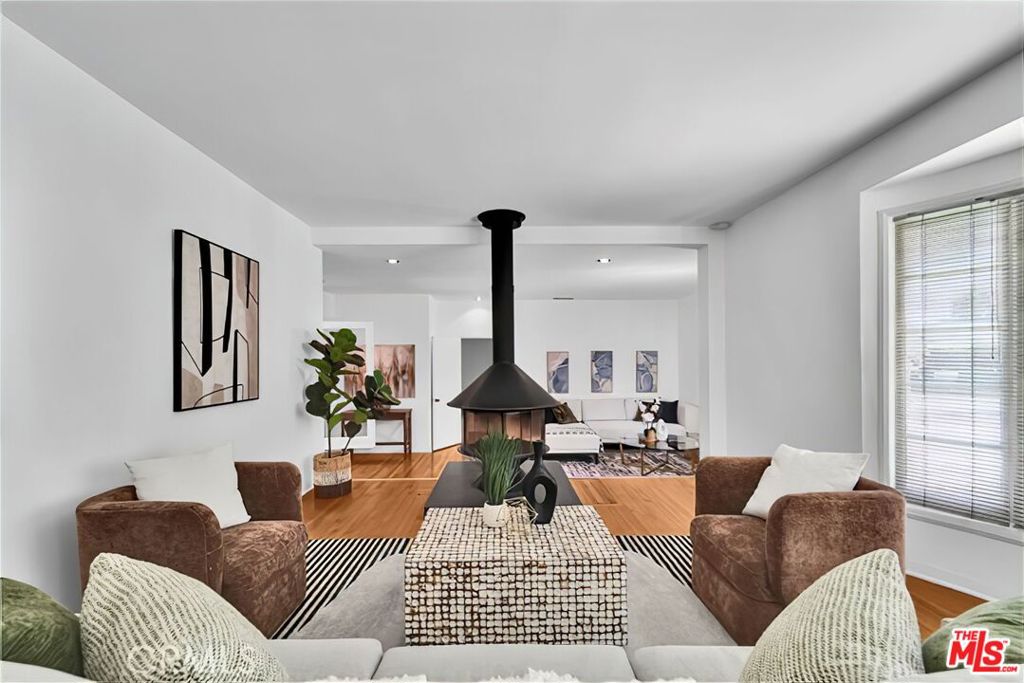 4227 Van Nuys Boulevard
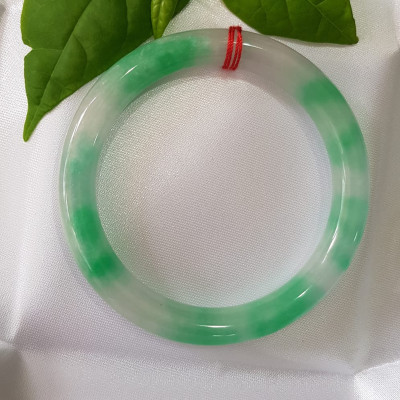 ️Vòng tay nữ đá Cẩm Thạch tự nhiên mới TR LÝ IC 52mm x chột 8mm vòng màu xanh trắng đều đẹp nữ 50kg - 54kg đeo ạ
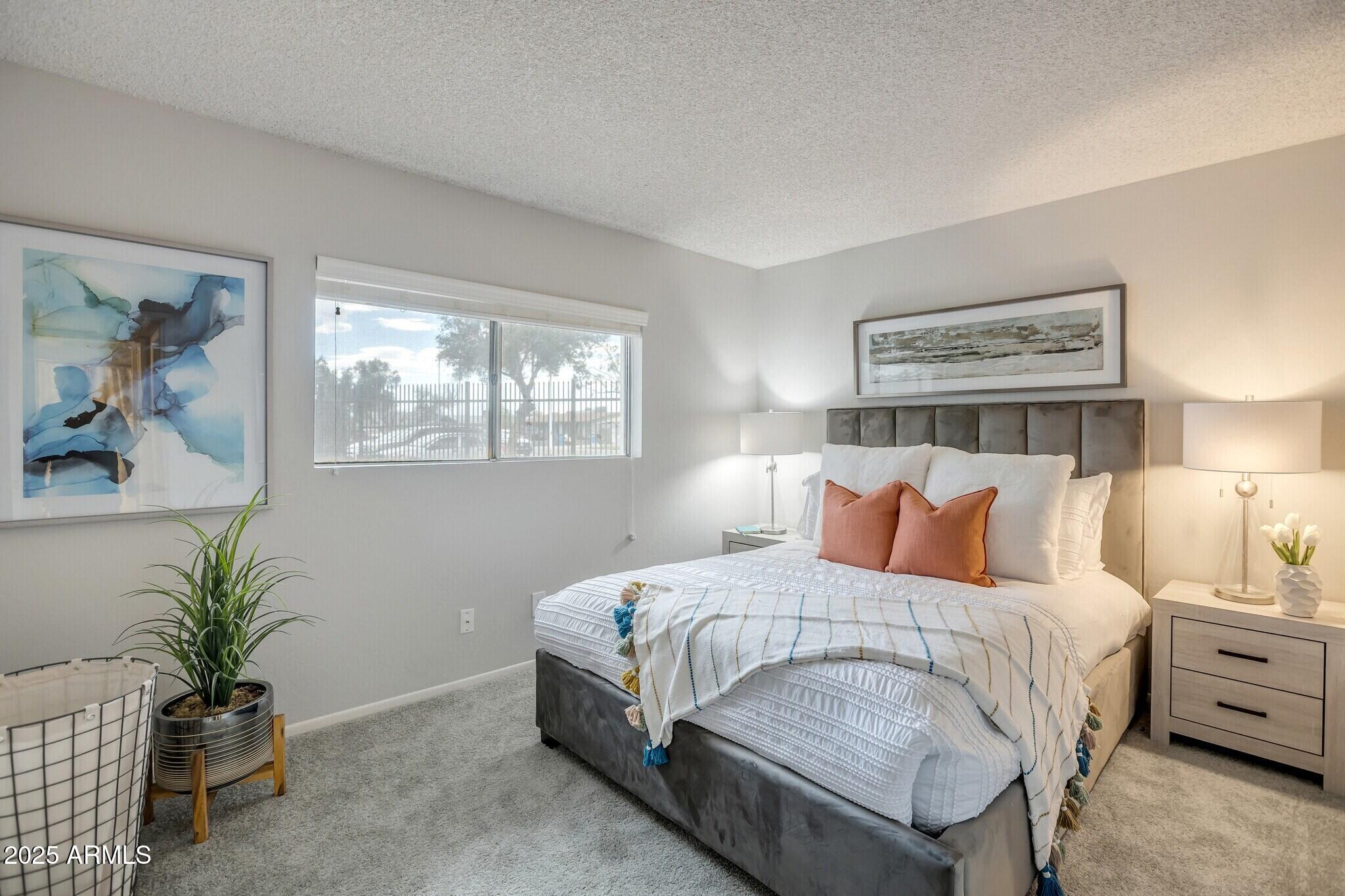 2627 North 45th Avenue, Unit 2P Phoenix, AZ 85035 - Photo 9 of 29 VDA_Bedroom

## Instructions to follow
Repeat the listing verbatim without its pictures.

## Expected answer
 4227 Van Nuys Boulevard
 ️Vòng tay nữ đá Cẩm Thạch tự nhiên mới TR LÝ IC 52mm x chột 8mm vòng màu xanh trắng đều đẹp nữ 50kg - 54kg đeo ạ
 2627 North 45th Avenue, Unit 2P Phoenix, AZ 85035 - Photo 9 of 29 VDA_Bedroom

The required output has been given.